The section, as it stood at the time service was made, read as follows: “ § 285-a. Service of summons on non-residents. The operation by a nonresident of a motor vehicle on a public highway in this State shall be deemed equivalent to an appointment by such nonresident of the Secretary of State to be his true and lawful attorney upon whom may be served the summons in any action against him, growing out of any accident or collision in which such nonresident may be involved while operating a motor vehicle on such a public highway; and such operation shall be deemed a signification of his agreement that any such summons against him which is so served shall be of the same legal force and validity *436as if served on him personally within the State. Service of such summons shall be made by leaving a copy thereof, with a fee of two dollars, with the Secretary of State, or in his office, and such service shall be sufficient service upon such non-resident provided that notice of such, service and a copy of the summons are forthwith sent by registered mail by the plaintiff to the defendant, and the defendant’s return receipt, the plaintiff’s affidavit of compliance herewith, and a copy of the summons and complaint are filed with the clerk of the court in which the action is pending. The court in which the action is pending may order such extensions as may be necessary to afford the defendant reasonable opportunity to defend the action.”

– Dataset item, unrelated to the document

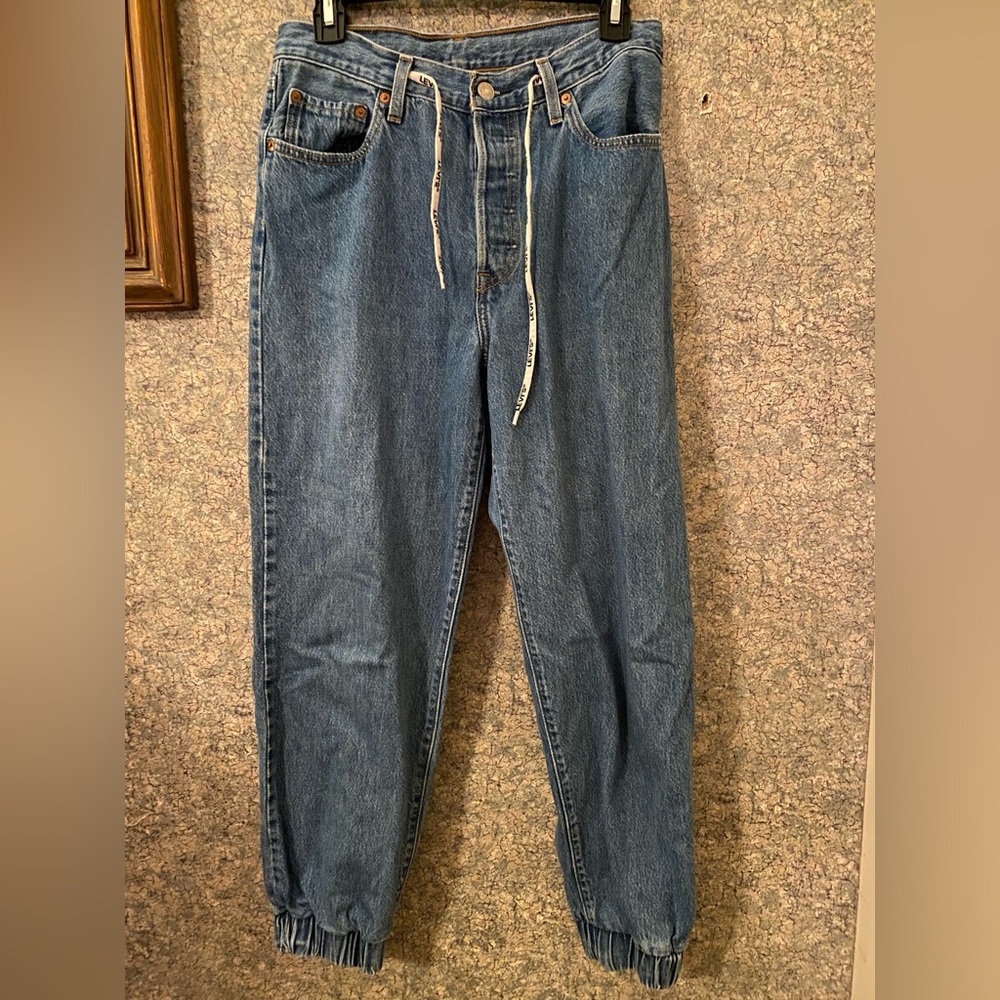 Levi's Blue Denim Boyfriend Jogger Jeans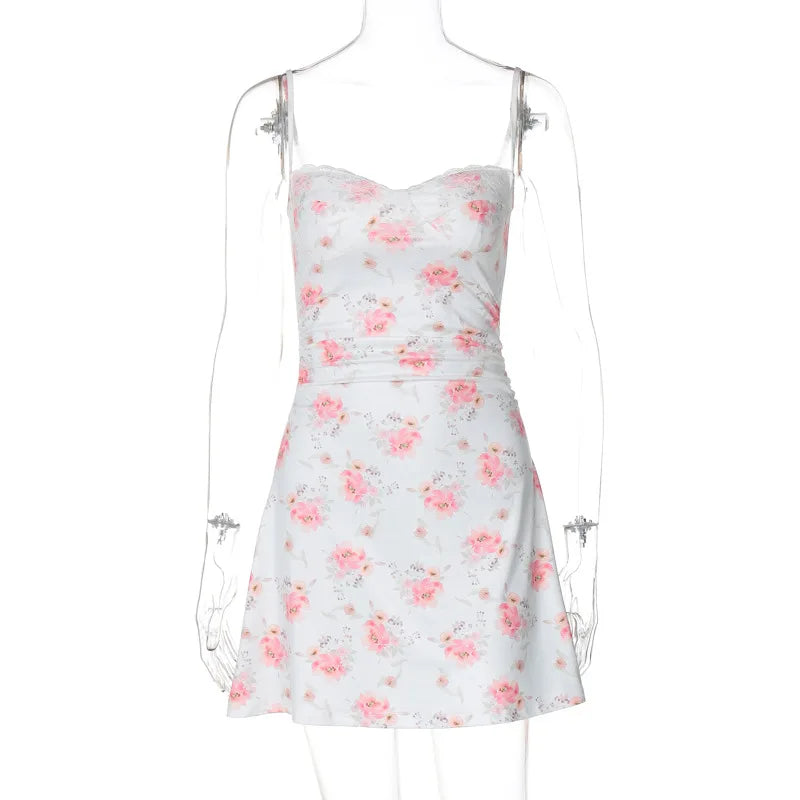 Ladies Summer Floral Print Fashion Beach Vacation Dress Women Sleeveless Backless Bodycon Mini Dresses Clubwear Woman Clothes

The parties differ as to whether this provision ap'plies to the facts of this case. The constitutionality of the act is not questioned. It could not well be in light of the decision of the Supreme Court of the United States in Hess v. Pawloski (274 U. S. 352).

Respondent is a non-resident of this State. He fives in Johns-town, Penn. In July, 1928, he came to Syracuse, and while his automobile was being driven on one of the public streets of that city, it collided with a car in which the plaintiff was riding. Plaintiff sues to recover the damages which she sustained in that collision.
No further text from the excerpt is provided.